The problem
What lines of the data hold the string "image"? Pull each one out.
====== Recorded information ======
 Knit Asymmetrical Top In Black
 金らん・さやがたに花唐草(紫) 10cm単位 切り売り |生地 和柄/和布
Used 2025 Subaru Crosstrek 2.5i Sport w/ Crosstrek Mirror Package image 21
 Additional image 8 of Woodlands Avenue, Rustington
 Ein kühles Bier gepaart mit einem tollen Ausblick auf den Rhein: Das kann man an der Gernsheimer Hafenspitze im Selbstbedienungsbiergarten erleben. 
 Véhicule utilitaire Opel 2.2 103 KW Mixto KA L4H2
======
====== Recorded information ======
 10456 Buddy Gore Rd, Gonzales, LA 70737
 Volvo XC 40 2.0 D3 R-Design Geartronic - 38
======
====== Recorded information ======
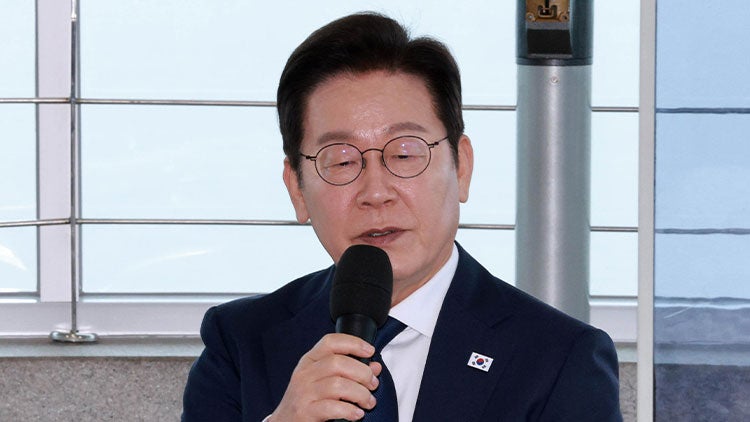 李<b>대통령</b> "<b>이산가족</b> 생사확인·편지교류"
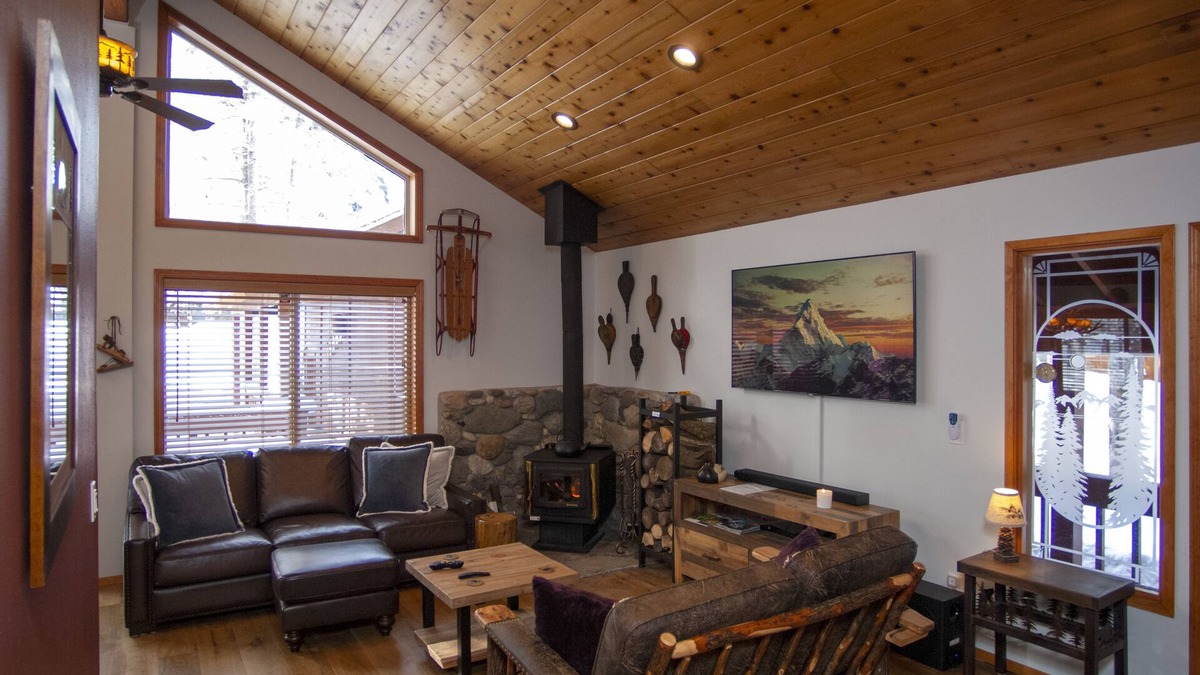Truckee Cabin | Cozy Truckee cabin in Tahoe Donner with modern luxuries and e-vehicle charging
======
Response to the task
Used 2025 Subaru Crosstrek 2.5i Sport w/ Crosstrek Mirror Package image 21
 Additional image 8 of Woodlands Avenue, Rustington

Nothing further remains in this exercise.